Eugène Ionesco (Slatina, 26 novembre 1909 – Parigi, 28 marzo 1994), è stato un drammaturgo e saggista rumeno naturalizzato francese.  Ha scritto molto per il teatro e spesso con grande successo, anche fuori dalla Francia; e tuttavia, paradossalmente, ha spesso asserito di non avere alcuna fiducia nel teatro, e la sua prima commedia, l’atto unico La cantatrice calva, fu da lui chiamata anticommedia, come a voler significare, fin dal titolo, una polemica e completa sfiducia in questo mezzo d’espressione e nelle sue strutture, che sono la parola e il discorso logico.

In effetti il suo “antiteatro” é tale fino a un certo punto e non é neppure una novità: basterebbe pensare ai “pezzi” che si son veduti del teatro futurista o semplicemente all’esperienza di Pirandello (ma qui il discorso si fa complesso e andrebbe allargato a tutte le avanguardie europee prima e dopo la prima guerra mondiale, vale a dire a tutte le correnti innovatrici che in quegli anni operarono in tutti i campi dell’arte frantumando decisamente gli schemi delle letterature e delle accademie ufficiali e tentando nuove strade per nuove forme di espressione). È però anche vero che se il teatro di Ionesco non costituisce un’autentica novità, confluendo in esso numerosissime maniere già collaudate da altri, si presenta tuttavia con un suo timbro forse di corto respiro, ma inconfondibile, soprattutto nei primi atti unici, quello già citato (La cantatrice calva) e gli altri due che subito seguirono: La lezione e Le sedie, apparsi a Parigi trail 1950 e il 1951.

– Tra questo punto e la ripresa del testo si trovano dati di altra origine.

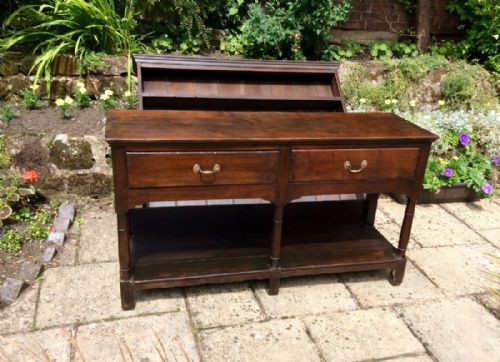 A SMALL OAK DRESSER - ADDITIONAL PHOTO 3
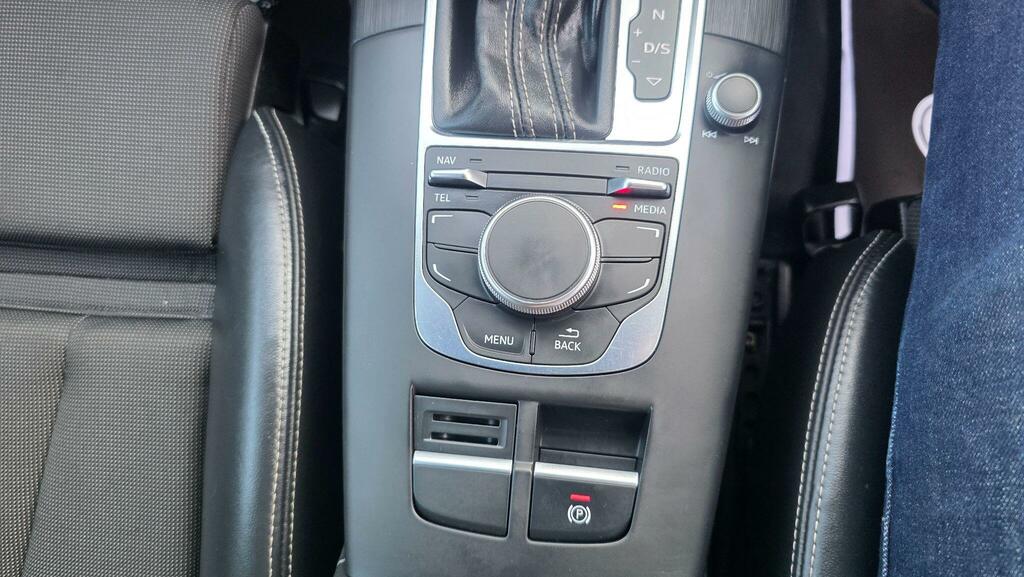 Audi A3 1.4 Tfsi S Line Red #32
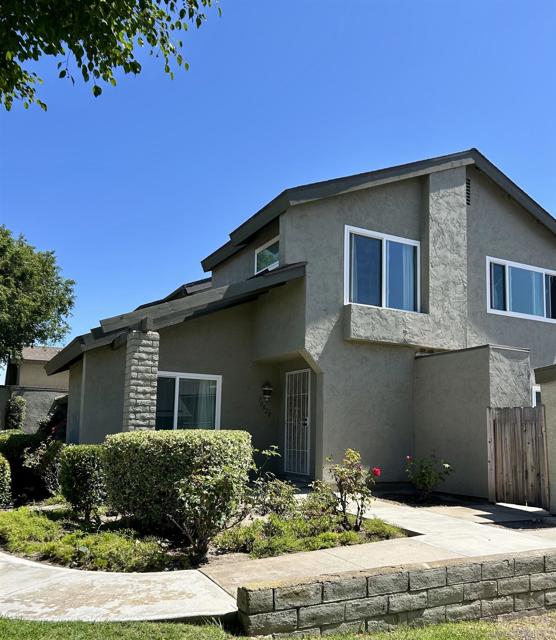 10828 Lamentin Ct, San Diego CA: https://media.crmls.org/mediaz/995f6ec3-8713-41eb-a9cb-05368af422cf.jpg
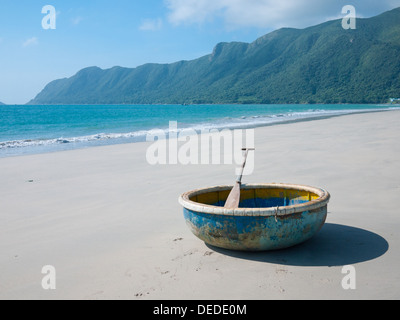 Eine Runde Badewanne Ruderboot, sitzen auf Hai Beach, Con Son Insel Con Dao Islands, Vietnam. Stockfoto
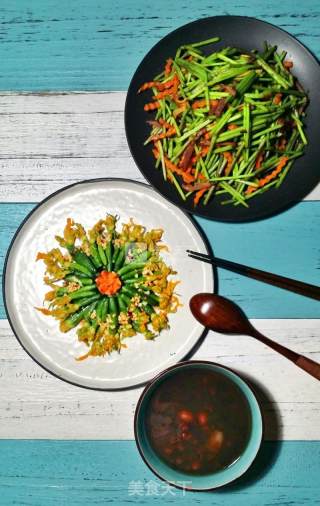 Stir-fried Milk Melon with Garlic recipe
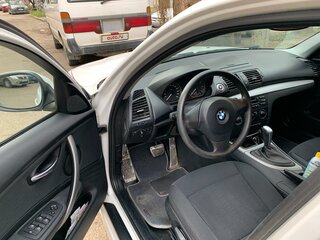 2010 BMW 1 серии 116i I (E81/E82/E87/E88) Рестайлинг, белый, 1000000 рублей, вид 5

Quel timbro é caratterizzato da una comicità raggelata, tutta giocata sull’assurdo, come se sulla scena agissero dei robot dai congegni guasti, coi circuiti interni, per cosi dire, invertiti o a fili scoperti, per i più imprevedibili e strambi contatti. Sembrano, queste scene, non significar nulla, e ciononostante, resta sempre vivo il sospetto che tutto il pasticcio abbia un significato: mentre si ride di quei personaggi seri come tanti Buster Keaton (il famoso comico americano che non rideva mai), non é raro che ci si riconosca in essi o almeno si riconoscano in essi e nei loro comportamenti certi modi del nostro comportamento; anzi, si ride proprio per questo, perché in fondo, in quei buffi manichini ritroviamo le mille banalità del nostro vivere di ogni giorno, delle norme più usuali e intangibili del nostro rapporto con gli altri: le “leggi” non scritte che legano insieme la nostra società.